As the United States continues to address immediate public health and safety needs caused by the COVID-19 pandemic, Kaiser Permanente is also looking to the future and modeling the way to a health care system that is sustainable and could meet the needs of many more people in our country.
The COVID-19 pandemic has exposed many weaknesses in our medical care system and public health infrastructure. It has also highlighted that it is time to turn the page on the flawed concept of fee-for-service reimbursement and instead embrace new models of payment and organization to create a more resilient and responsive health care system that better balances health care and public health.
Kaiser Permanente’s integrated model of health care financing and care delivery is a proven alternative to the predominant care-and-financing model in the United States. It offers a roadmap to addressing access and affordability, with a focus on improving outcomes. By committing to providing excellent individual care and understanding the needs of the broader population, we take a longer view, provide more stability, and are better equipped to support population health. More of the U.S. health care system needs to move in this direction.
Positive change can begin by building on the current system and providing everyone in the United States with guaranteed access to truly affordable, high-quality health care and coverage. While the uninsured rate has dropped nationally since the Affordable Care Act took effect, there have been upticks in the number of uninsured Americans in the last 3 years. At the same time, the pandemic revealed a strength in the ACA’s design that enabled transitions among different sources of coverage as individuals and families were affected by changed economic conditions.
We should seize this chance to foster stability for the millions who gained comprehensive coverage over the past decade and focus on the gaps that remain. The changes included in the American Rescue Plan Act are a step in the right direction. Additional subsidies to help consumers affected by economic crises will mean that they can afford to stay on their current plan, maintain their employer coverage through COBRA, or choose a marketplace option that is right for them. Financial assistance like this, as well as incentives for all states to expand Medicaid coverage, will reduce uninsured rates across the board without disrupting the quality of care-and-coverage choices people currently have. Our next step should be to make the enhanced marketplace subsidies in the American Rescue Plan Act permanent.
Anthony A. Barrueta
“We should seize this chance to foster stability for the millions who have gained comprehensive coverage over the past decade and focus on the gaps that remain.”
Every day we see how the pandemic is affecting the physical and mental health of our colleagues and members.
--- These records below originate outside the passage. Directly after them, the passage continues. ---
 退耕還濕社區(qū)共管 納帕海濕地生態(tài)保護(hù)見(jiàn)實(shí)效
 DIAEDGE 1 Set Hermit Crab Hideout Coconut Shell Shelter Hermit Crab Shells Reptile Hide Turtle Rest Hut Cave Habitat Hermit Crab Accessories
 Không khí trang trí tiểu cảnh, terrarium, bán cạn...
As we look to the future, we must ensure not only that individuals have health care coverage but also that they can access care and focus on their total health and well-being. The pandemic has clarified our need to produce better and more equitable health care outcomes beyond the delivery of medical services alone. This means investing in public health, community health, and mental health — so everyone can live healthier lives.
As we address the immediate needs of the pandemic, we have a tremendous opportunity to improve the health care system long-term. The longstanding research and policy support the pharmaceutical sector typically receives from the government was apparent in the rapid development and deployment of COVID-19 vaccines, and we have seen what is possible when the public and private sectors openly coordinate toward common goals. It is imperative that we bring the same focus and determination that we’ve brought to the fight against COVID-19 to our efforts to improve total health. Public policy that promotes value over volume, leverages data-driven decision making, and encourages care coordination would help individuals navigate their care options and prioritize preventive measures to find and treat problems early. This would enable us to significantly reduce costs and improve quality within the U.S. health care system.
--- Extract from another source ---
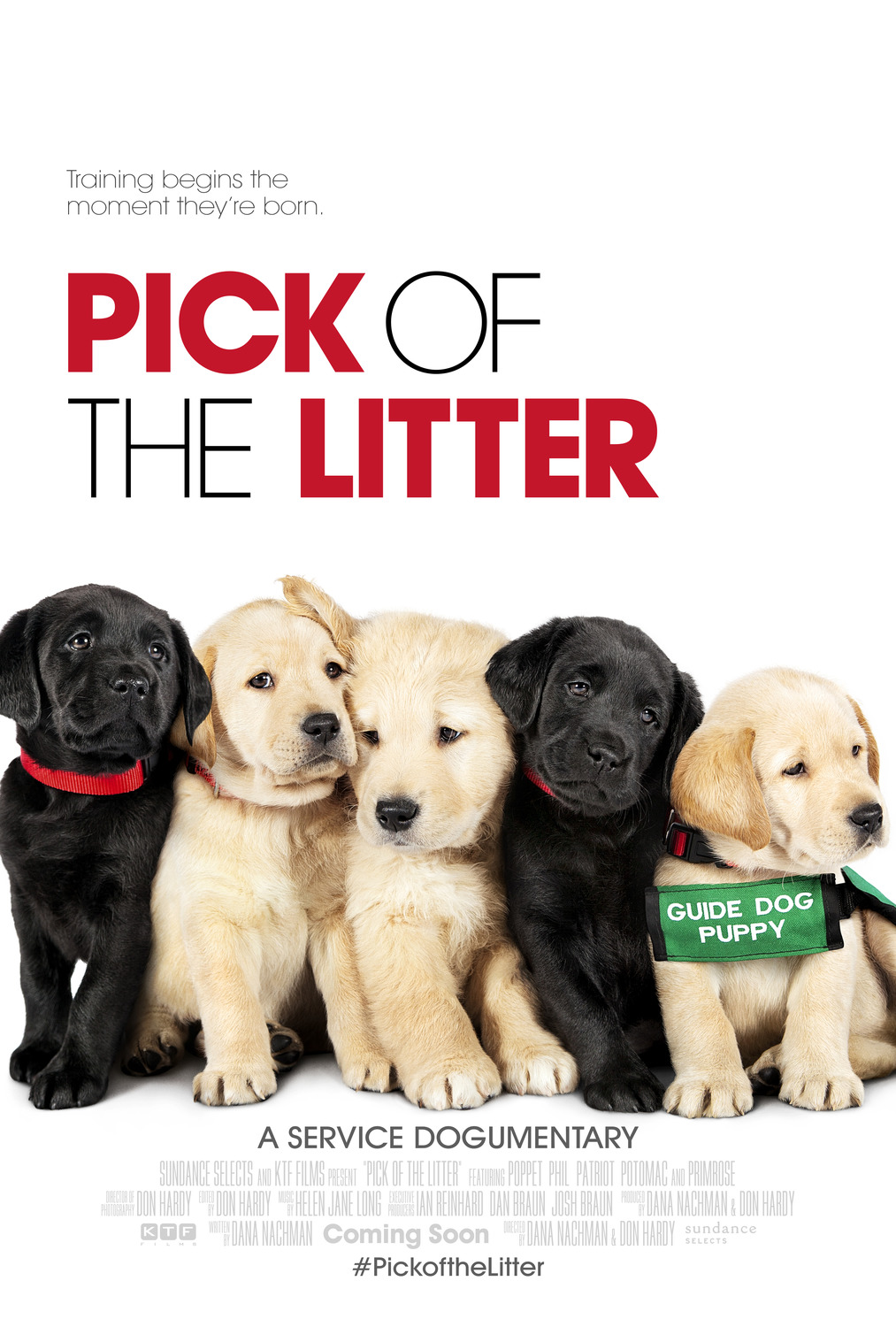 Extra Large Movie Poster Image for Pick of the Litter (#2 of 7)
The entire health care system must focus on making care and coverage affordable. This cannot be done by placing arbitrary caps on insurance premiums or regulating provider pricing in a manner that disregards the reality of underlying cost drivers. That approach risks disrupting access to care if doctors and hospitals can’t afford to participate because they would be paid less than the actual cost of delivering care. We must do the hard work of examining and understanding the components of health care spending. The ever-increasing cost of prescription drugs gets a lot of focus, but it is not the only problem. The vast and yet too often poorly distributed infrastructure of the hospital and medical sectors is inefficient and not patient-centric enough. And our archaic approaches to educating and training the people who make up our health care system are not keeping up with the population’s needs. We need creative policies in all of these areas to ensure the cost of care is sustainable and affordable for everyone in this country.
It will be a terrible missed opportunity if we do not thoughtfully apply what we have learned in the past year to our long-standing health system problems. By being more creative in promoting an affordable, high-quality health care system, we can leave more than just the pandemic behind us in the years ahead — we can drive forward with a health system that works for everyone.